Acerca de ese destino, y su «despertar» en la conciencia recogemos nuevamente las palabras de Federico González en su Diccionario al definir el destino como:
Un don que se hace en ciertos hombres, que tienen necesidad de él y que fijan la voluntad en la prosecución de su camino.
[13] Ver René Guénon: El Rey del Mundo, cap. II, e Introducción General al Estudio de las Doctrinas hindúes, cap. V.
[14] En la antigua lengua egipcia, Menes, el fundador legendario de las dinastías, significa «el que perdura», «el que permanece», «el que queda». Precisamente estos atributos son también los de Manú. Recordemos igualmente al dios germánico Mannus, «hombre», considerado como el padre de todos los seres humanos, y cuyos atributos eran precisamente la justicia y la rectitud.
[15] Guénon nos recuerda que la raíz dhri, de la que deriva dharma, significa «llevar, soportar, sostener, mantener; se trata entonces propiamente de un principio de conservación de los seres, y en consecuencia de estabilidad». Y acerca de las vinculaciones del dharma con el polo, afirma más adelante: «En este sentido es importante señalar que la raíz dhri es casi idéntica, tanto en la forma como en el sentido, a otra raíz dhru, de la cual deriva la palabra dhruva, que designa el ‘polo’; efectivamente, es a la idea de ‘polo’ o de ‘eje’ del mundo manifestado que conviene referirse si se quiere comprender verdaderamente la noción de dharma: es lo que permanece invariable en el centro de las revoluciones de todas las cosas, y que regula el curso del cambio sin participar de él». («Dharma», incluido en Estudios sobre el Hinduismo).

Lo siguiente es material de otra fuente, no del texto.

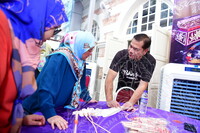 BENGKEL IKAT & CELUP EKSPRESI WARNA JALUR GEMILANG DI MUZIUM TEKSTIL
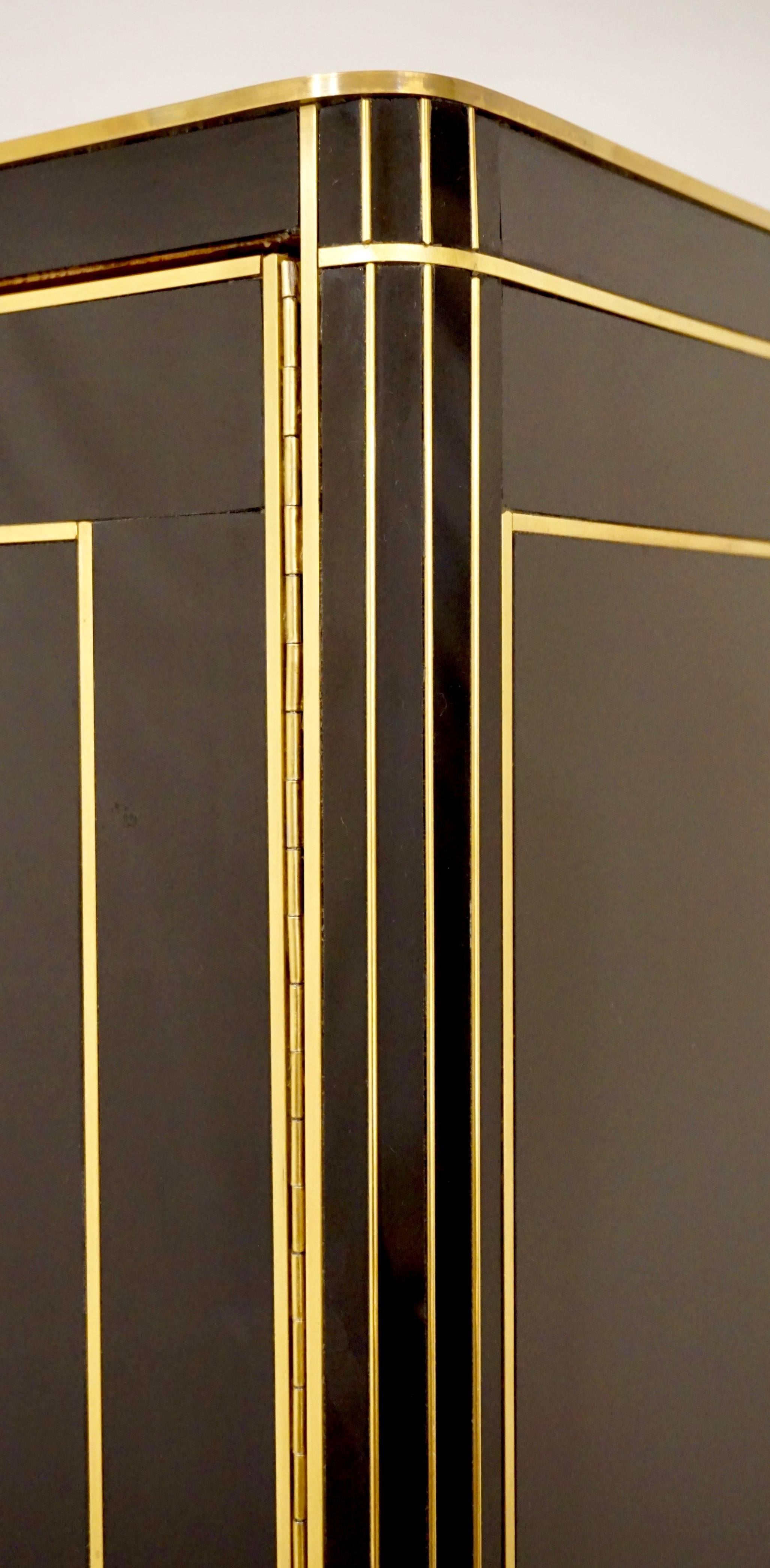 1970s Italian Art Deco Design Gold Brass and Black Glass Tall Cabinet / Bar In Good Condition In New York, NY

[16] Un texto hindú compara la existencia de un hombre sin tradición a la de las bestias, y quizás por ello el hombre moderno, que es un hombre sin tradición, cree que sus antepasados eran esos antropoides simiescos inventados por el «evolucionismo», es decir que su origen es infrahumano, en contra de la opinión unánime expresada por todas las tradiciones, para quienes ese origen es suprahumano, entendiendo por suprahumano el mundo espiritual.